**What needs to be done**
All that is wanted is the exact text of the lines below from the one with "Monte-Carlo — Vista" through the one with "Wedelia Print Midi Dress - Image 24", inclusive, minus any pictures.

(Data listing begins)

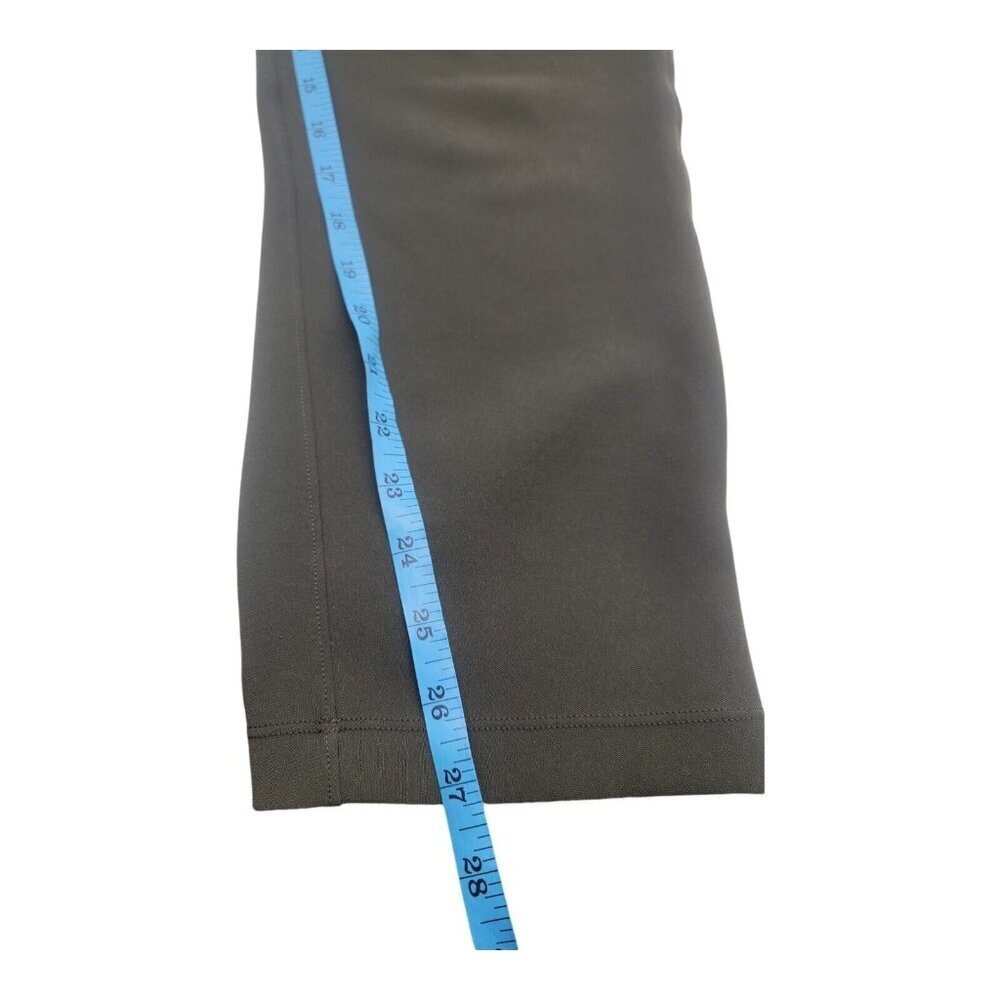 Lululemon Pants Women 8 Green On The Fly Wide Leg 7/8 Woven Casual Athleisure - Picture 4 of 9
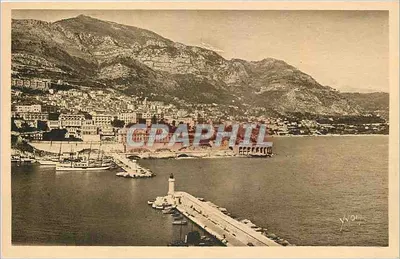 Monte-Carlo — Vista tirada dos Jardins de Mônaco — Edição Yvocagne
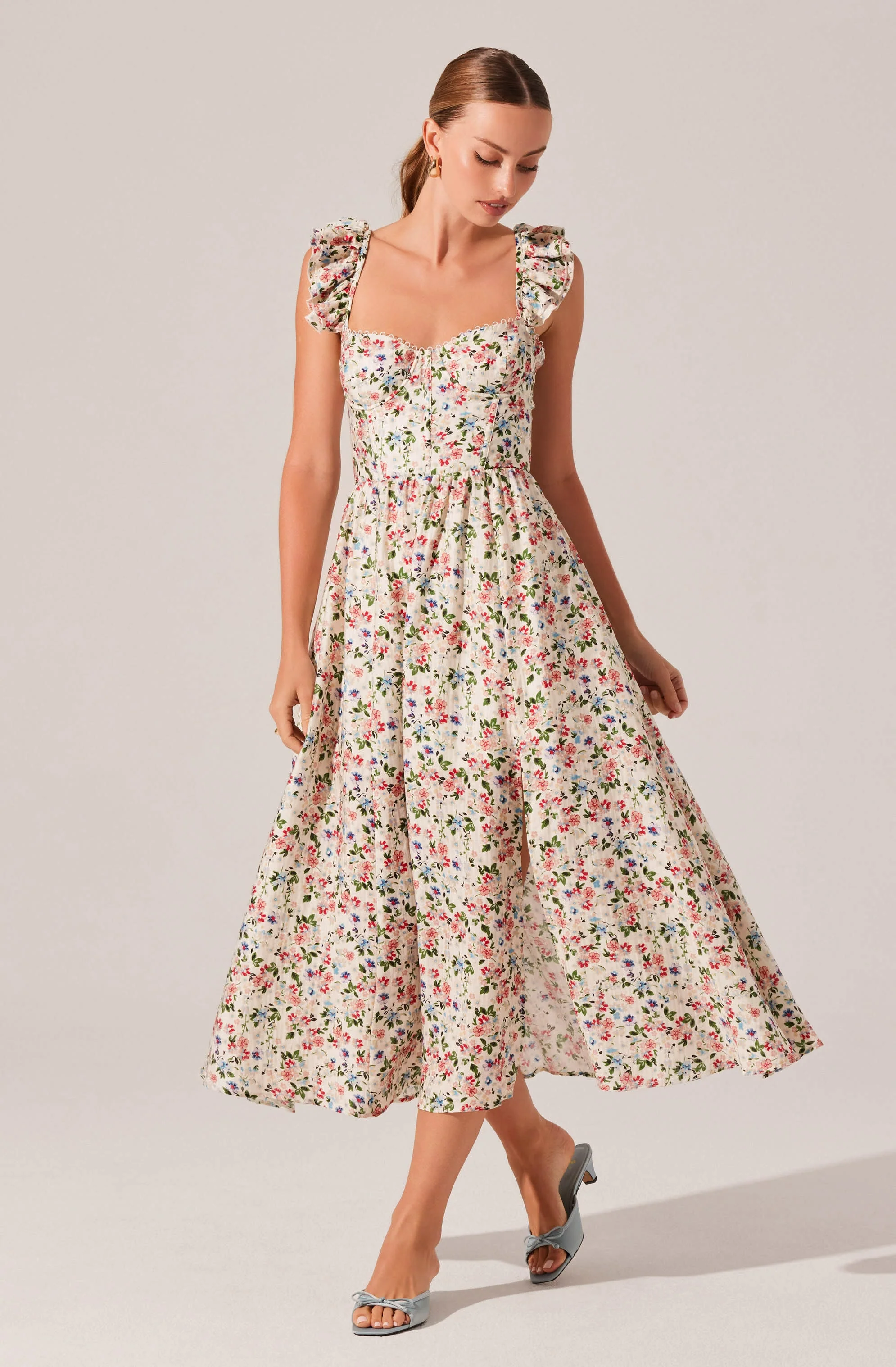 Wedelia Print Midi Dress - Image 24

(Data listing ends)
(Data listing begins)

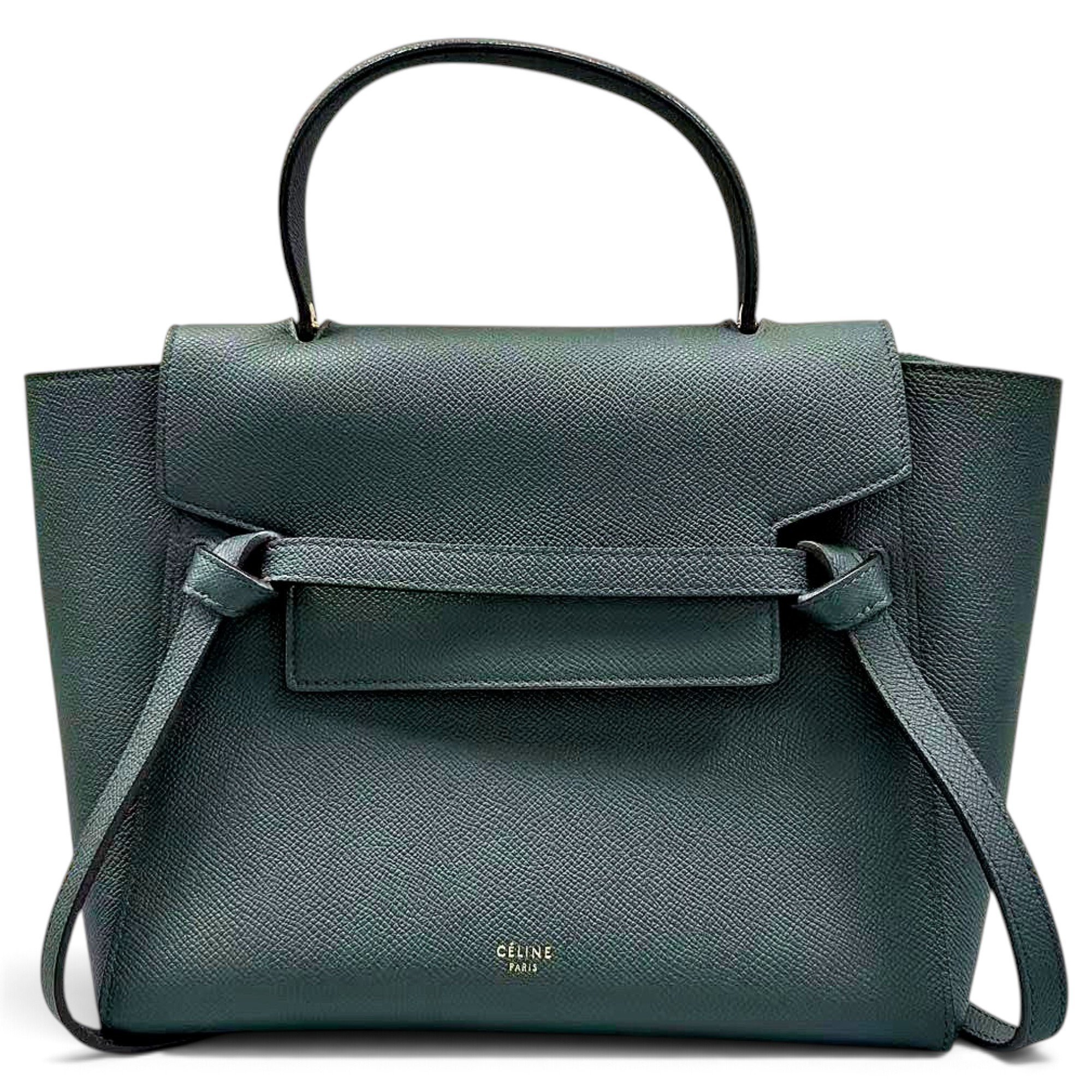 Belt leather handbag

(Data listing ends)

**Task answer**
 Monte-Carlo — Vista tirada dos Jardins de Mônaco — Edição Yvocagne
 Wedelia Print Midi Dress - Image 24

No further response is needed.